Throughout his career, he worked under former service directors Joe Corey, Kent Gardner and Larry Gamble, and he credits each for mentoring him and preparing him for the role of director.
“All three of them that I had an opportunity to work for, I learned something differently from each one,” he said, “but I owe a lot of gratitude to Larry because I worked for him the longest.”
In 2008, shortly after Camp was named service director, the economy stalled and several positions within the division were eliminated. He credits the use of technology for enabling service work to continue at an efficient manner despite the reduced staff.
Upon Camp’s retirement, two commissioners will step in to handle day-to-day operations. One is Howard Brebberman, the current commissioner of public service, who will focus on above-ground needs such as road repair, building maintenance and parks. The commissioner of public utilities, a newly created position that has yet to be filled, will handle the infrastructure below ground, including water, sanitary and storm systems. The new city administrator, Patrick Burtch, will oversee both commissioners.
Camp said the new structure makes sense with current changes in EPA regulations, among other things. He also said that with advances in technology, more changes would likely take place, which is good for Maumee.
“In order for the city to keep moving forward, there needs to be fresh ideas and fresh blood. That’s my firm belief in order to keep it moving forward,” he said.
Throughout his tenure, Camp oversaw a number of significant projects, with the new interchange at Dussel Drive among the biggest and most complex, and the new city service building, the one he considers most rewarding.
“It was one of the last new buildings and it had input from staff on design and function. That was probably the most valuable building that we have,” he said.
Leslie Lipper met Camp six years ago when she became the department’s administrative assistant. His knowledge and sense of humor will be missed, she said.
“He’s my go-to guy,” she said. “He’s kind and funny and he gives a lot of good guidance – he’s an all-around great guy.”
“He makes my job easy,” Brebberman said. “He is the ultimate professional when dealing with the public. It has been an awesome opportunity to learn about public service from a guy who is really good at it.”

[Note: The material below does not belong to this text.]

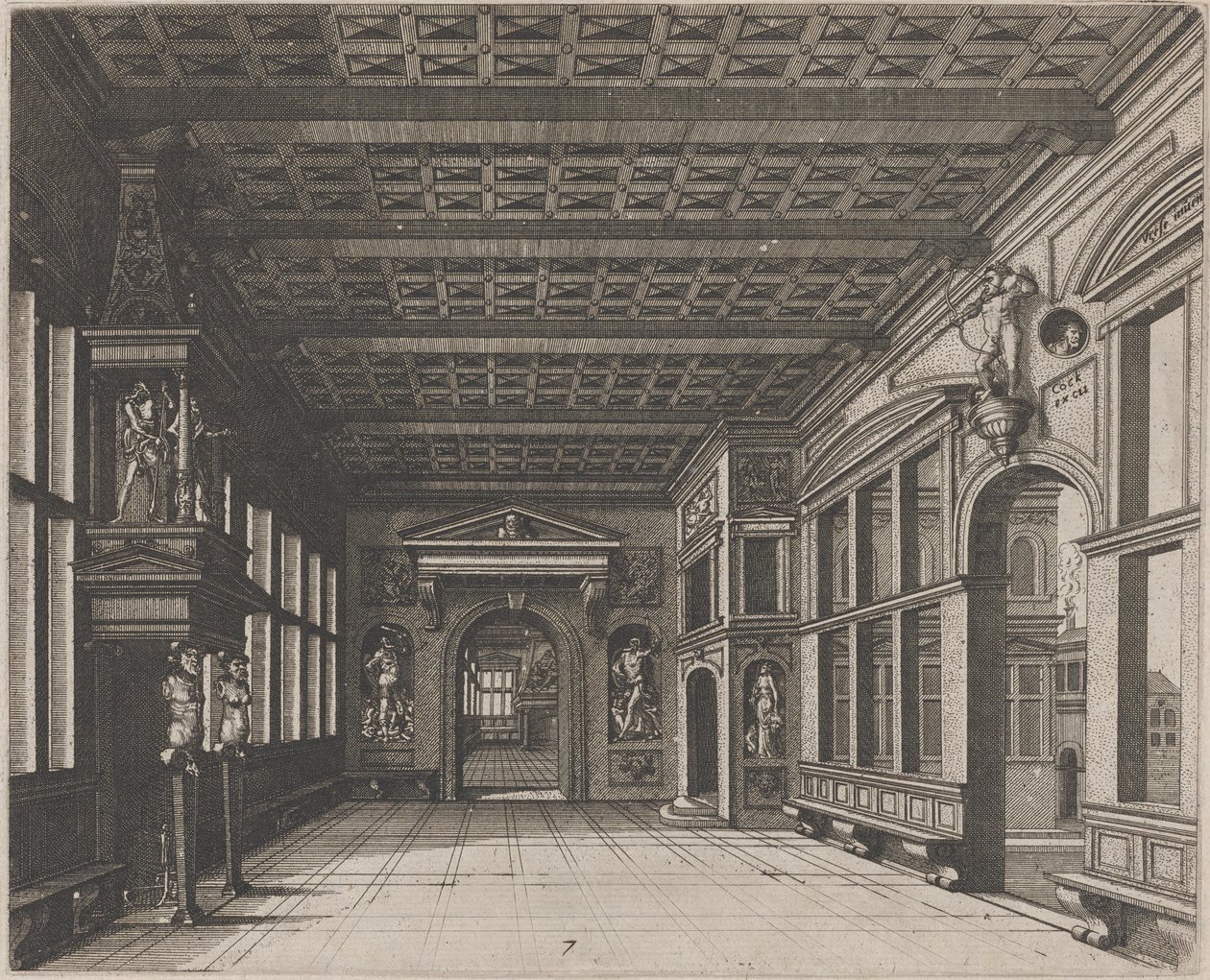 Belső kilátással egy második, kéményes szobába alkotó: Lucas van Doetechum and Johannes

Camp has been tireless in his commitment to the city and estimates he has attended 600 regular and special council meetings. To him, the best part about the job is the people.

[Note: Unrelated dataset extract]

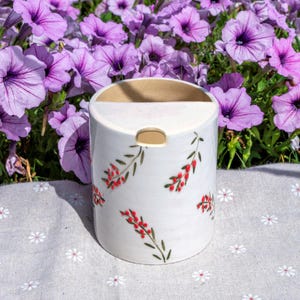 Branches Travel Mug, Handmade Pottery Mug, To Go Ceramic Tumbler, Hand-painted Sip Mug, Coffee Cup Sip Mug Birthday Day Gift for Her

“Employees are unbelievable. Everyone who works for the city of Maumee is dedicated in getting the work done and they take pride in getting everything done in an efficient manner, all the way through,” he said.
Upon retirement, Camp, who is 52, plans to spend time with his wife of 25 years, Cathi, and his children Miranda and Garret before seeing what the next chapter holds.
“I have mixed emotions about retiring, but I’ve always believed that when it is time to retire, you do it and give someone else the same opportunities that you have had,” he said. “It will be good to reclaim my Monday nights back. It’s scary, but I look forward to seeing what the future holds for me. There are still plenty of things in my life that I want to get done. We’ll have to see how quickly I can get to where I want to be.”